Subhanallah. Biarlah air mata ini sejenak menitik. Di mana lagi kita temukan sosok istri yang begitu setia menemani hari-hari suaminya yang sedang diuji? Dari kaya menjadi miskin. Dari keluarga dengan canda tawa anak-anak menjadi sepi sebatang kara. Namun, dia memilih tetap setia. Dia tahu persis bahwa yang disebut dengan teman sejati adalah kala ujian dan derita melanda. Bukan ketika bergelimang harta dan hidup ceria penuh canda tawa.
Ustaz Akhmad Khalil Jam’ah dalam bukunya Istri-istri Para Nabi, menuturkan, Dikisahkan dalam sebuah hadis dari Anas bin Malik, bahwa Nabi Ayub menderita sakit selama 18 tahun, sehingga beliau ditolak baik mereka yang dekat maupun yang jauh. Hanya saudaranya saja yang kadang menemuinya di pagi atau sore hari. Rasulullah bersabda, “Ayub biasa keluar untuk buang hajat. Jika beliau usai buang hajat, istri beliau memegang tangan beliau. Pada suatu hari, istri beliau terlambat datang kepada beliau.” Kemudian Allah Swt mewahyukan, “Hantamkanlah kakimu, inilah air sejuk untuk mandi dan untuk minum.” [Q.S. Sad (38): 42]

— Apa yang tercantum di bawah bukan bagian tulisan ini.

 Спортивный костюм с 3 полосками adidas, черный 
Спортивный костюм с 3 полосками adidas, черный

Lalu istri Ayub tiba di tempat Ayub yang sakitnya telah dihilangkan Allah dari beliau, dan dia menjadi lebih tampan dari sebelumnya. Ketika istri Ayub melihat Ayub, dia berkata, “Semoga Allah memberkahimu, apakah engkau melihat nabi Allah yang diuji? Demi Allah, aku tidak melihat orang yang mirip dengan beliau daripada engkau jika beliau sehat.” Ayub berkata, “Akulah Ayub.”

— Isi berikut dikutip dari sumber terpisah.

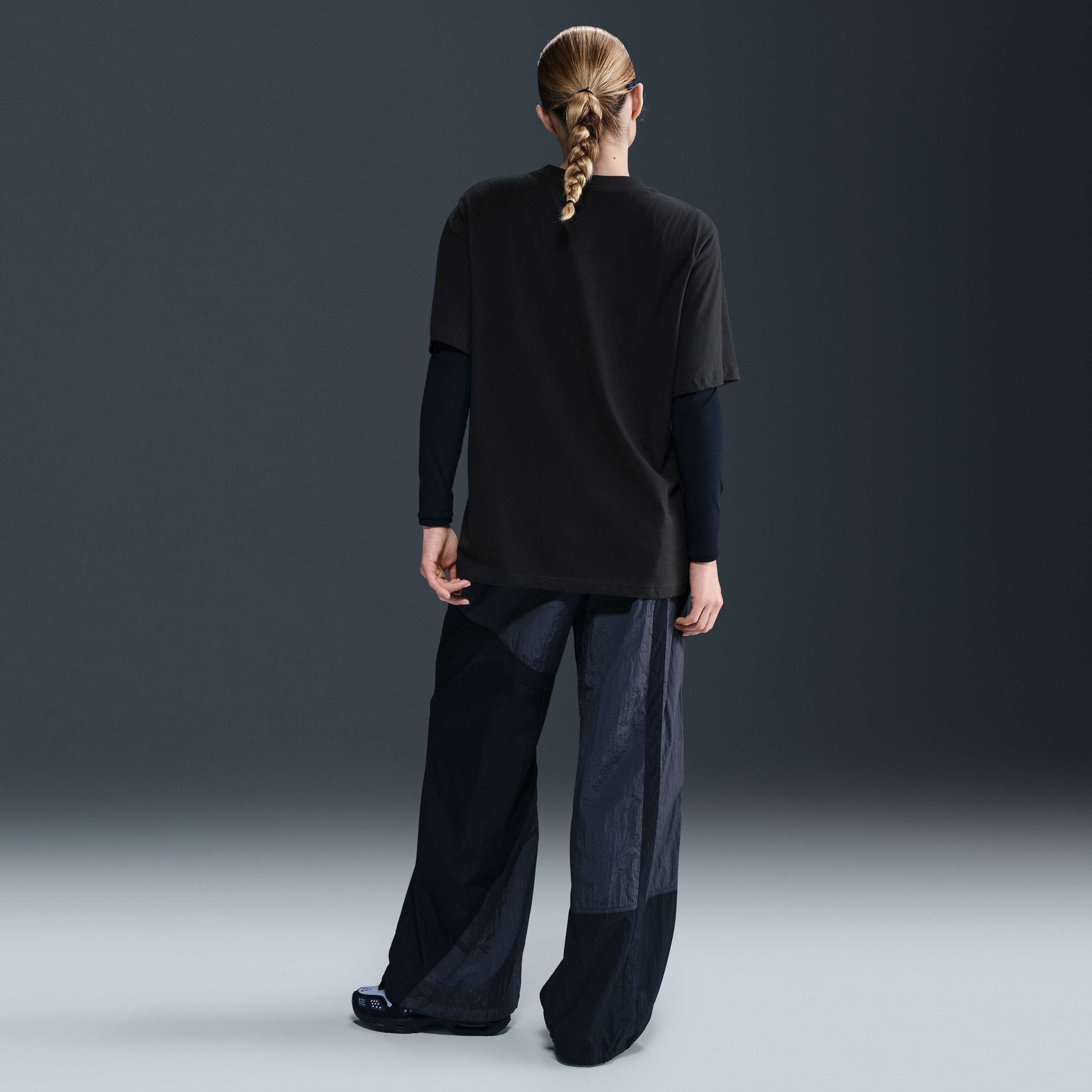 Nike Sportswear Essential image number 4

Subhannallah. Dapatkah Anda bayangkan kebahagiaan seperti apa yang terpancar dari sepasang suami-istri agung tersebut? Setelah mengarungi samudera ujian yang seolah tak bertepi, kini daratan tempat berlabuh telah nampak dihadapan. Mereka berdua pantas berbahagia atas prestasi kesabarannya yang akan tetap dikenang sepanjang masa. Sungguh kisah ini mampu menghapus deretan kisah-kisah romantis yang dipuja-puja banyak orang selama ini.

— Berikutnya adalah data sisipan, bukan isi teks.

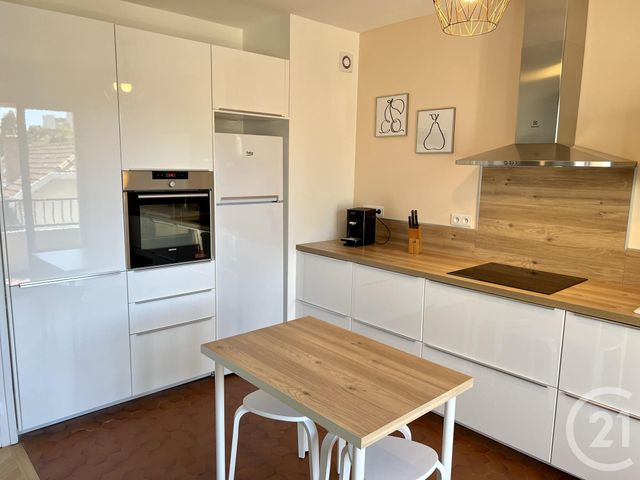 Appartement F3 à louer - 3 pièces - 67.06 m2 - LYON - 69003 - RHONE-ALPES - Century 21 Grande Rue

Indah sekali Alquran menggambarkan suasana happy ending dalam kisah agung ini. Allah Swt berfirman, “Dan kami anugerahi dia (dengan mengumpulkannya kembali) keluarganya dan (Kami tambahkan) pada mereka sebanyak mereka pula sebagai rahmat dari Kami dan pelajaran bagi orang-orang yang mempunyai pikiran.” [Q.S. Sad (38): 43]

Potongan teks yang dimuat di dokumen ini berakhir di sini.